How to plan and book your trip
Planning an Andes heliski trip comes down to a few sensible moves. Choose your country and region — Chile's central Andes near Santiago for accessibility and dry high terrain, or Argentina's Bariloche, Patagonia and Las Leñas for scenery, scale and wildness. Target the July to September or October window, and build in spare days so a run of bad weather does not sink the whole trip. Respect the altitude, arrive fit and allow time to acclimatise. Be honest about your ability, since the terrain assumes competent off-piste skiing. And treat the heliskiing as part of a wider South America itinerary rather than a rigid, standalone booking.
The Andes suit self-directed travellers who like to assemble their own big adventure. If, on the other hand, you want the simplicity of a single guaranteed week with everything arranged — guides, helicopter, four-star base and a set programme of vertical — that is exactly where an Iceland Viking week shines, and where we can help directly.
Complete your ski year in Iceland
The Andes are a superb, honest answer for skiing in the Northern summer, and we will always tell you so. When the calendar swings back to the Northern spring, though, the natural next chapter is Iceland. As an authorised booking agent for Viking Heliskiing, Heliski Travel arranges your week at the same price as booking direct — sea-to-summit descents to the Arctic Ocean, IFMGA guides and the Sigló Hótel, with weeks running from around €3,490 to €82,990 across three-, four- and five-day formats by guaranteed vertical feet. Do the Andes in your summer and Iceland in the spring, and you have built a fuller year of skiing. When you are ready to plan the Iceland half, get in touch and we will make it simple.
Frequently asked questions
Can you heliski in South America?
Yes. The Andes offer Southern-hemisphere heliskiing during the Northern summer, with Chile and Argentina as the two focal countries. Because their winter falls when Europe and North America are unskiable, the Andes are one of the standout ways for Northern-hemisphere skiers to keep skiing through their off-season, alongside New Zealand.
When is the Andes ski season?
The Andes heliski season runs broadly from July to September or October, tracking the Southern-hemisphere winter. Conditions build through July and August, and higher, glaciated terrain can hold snow later into the spring. Snow and weather in the Andes are variable, so keeping flexible dates and building in spare days improves your odds of good flying.
Where can you heliski in Chile and Argentina?
In Chile the focus is the central Andes near Santiago, in the regions around Portillo and Valle Nevado.
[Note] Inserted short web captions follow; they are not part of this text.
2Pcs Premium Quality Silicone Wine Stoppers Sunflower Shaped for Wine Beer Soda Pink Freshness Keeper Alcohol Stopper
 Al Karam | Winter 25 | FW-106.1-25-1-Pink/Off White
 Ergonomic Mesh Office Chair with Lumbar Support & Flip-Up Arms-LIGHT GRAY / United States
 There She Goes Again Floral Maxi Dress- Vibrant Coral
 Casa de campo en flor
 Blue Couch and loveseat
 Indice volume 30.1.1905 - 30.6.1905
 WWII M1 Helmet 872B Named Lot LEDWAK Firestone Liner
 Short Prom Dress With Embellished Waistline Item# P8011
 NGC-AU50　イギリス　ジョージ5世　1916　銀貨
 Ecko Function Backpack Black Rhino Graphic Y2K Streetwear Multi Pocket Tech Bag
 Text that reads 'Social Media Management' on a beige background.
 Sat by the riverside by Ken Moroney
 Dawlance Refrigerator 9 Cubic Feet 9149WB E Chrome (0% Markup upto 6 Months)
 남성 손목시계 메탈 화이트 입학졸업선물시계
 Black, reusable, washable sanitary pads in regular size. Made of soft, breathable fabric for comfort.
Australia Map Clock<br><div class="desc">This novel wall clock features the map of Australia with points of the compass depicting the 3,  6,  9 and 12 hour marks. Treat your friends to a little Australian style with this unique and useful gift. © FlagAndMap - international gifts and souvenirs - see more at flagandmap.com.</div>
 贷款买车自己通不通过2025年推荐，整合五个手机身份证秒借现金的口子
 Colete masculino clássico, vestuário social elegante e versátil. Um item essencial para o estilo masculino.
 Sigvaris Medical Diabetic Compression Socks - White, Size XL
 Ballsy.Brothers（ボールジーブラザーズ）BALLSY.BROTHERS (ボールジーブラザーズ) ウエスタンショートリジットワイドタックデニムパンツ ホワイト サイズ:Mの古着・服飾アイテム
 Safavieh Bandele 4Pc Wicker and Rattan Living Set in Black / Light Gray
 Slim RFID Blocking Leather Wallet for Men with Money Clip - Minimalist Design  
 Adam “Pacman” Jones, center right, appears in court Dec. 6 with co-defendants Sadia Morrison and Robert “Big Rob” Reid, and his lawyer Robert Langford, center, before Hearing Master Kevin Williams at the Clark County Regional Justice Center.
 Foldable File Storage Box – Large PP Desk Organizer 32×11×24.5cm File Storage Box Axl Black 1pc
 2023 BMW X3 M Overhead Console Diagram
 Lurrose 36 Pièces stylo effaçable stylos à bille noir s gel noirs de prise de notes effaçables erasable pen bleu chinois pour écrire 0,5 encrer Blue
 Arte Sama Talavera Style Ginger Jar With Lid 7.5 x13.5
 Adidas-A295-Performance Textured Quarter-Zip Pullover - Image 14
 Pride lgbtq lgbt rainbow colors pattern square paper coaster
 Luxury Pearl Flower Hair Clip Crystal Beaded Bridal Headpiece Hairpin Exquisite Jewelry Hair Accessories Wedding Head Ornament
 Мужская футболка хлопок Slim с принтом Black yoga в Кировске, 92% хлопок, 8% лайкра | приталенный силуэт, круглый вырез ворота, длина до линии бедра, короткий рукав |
In Argentina the focal areas are Bariloche and the wider Patagonia region, along with Las Leñas further north. Both countries offer big, high-altitude volcanic and alpine terrain, and each pairs naturally with a broader South America trip.
Is heliskiing in the Andes difficult because of the altitude?
Altitude is a genuine factor in the Andes, which reach far higher than most European or New Zealand terrain. Thinner air can affect breathing, energy and recovery, so a sensible plan allows time to acclimatise, prioritises fitness and hydration, and treats the first days as a build-up. Confident off-piste ability matters as much as altitude readiness.
How does the Andes compare with heliskiing in Iceland?
They are complementary rather than competing, because they run in opposite seasons. The Andes fill the Northern summer, roughly July to September or October, while Iceland's Viking Heliskiing operates March to mid-June, the Northern spring, with sea-to-summit descents of around 1,200 to 1,500 metres to the Arctic Ocean. Many keen skiers do the Andes in their summer and Iceland in the spring for a fuller year of skiing.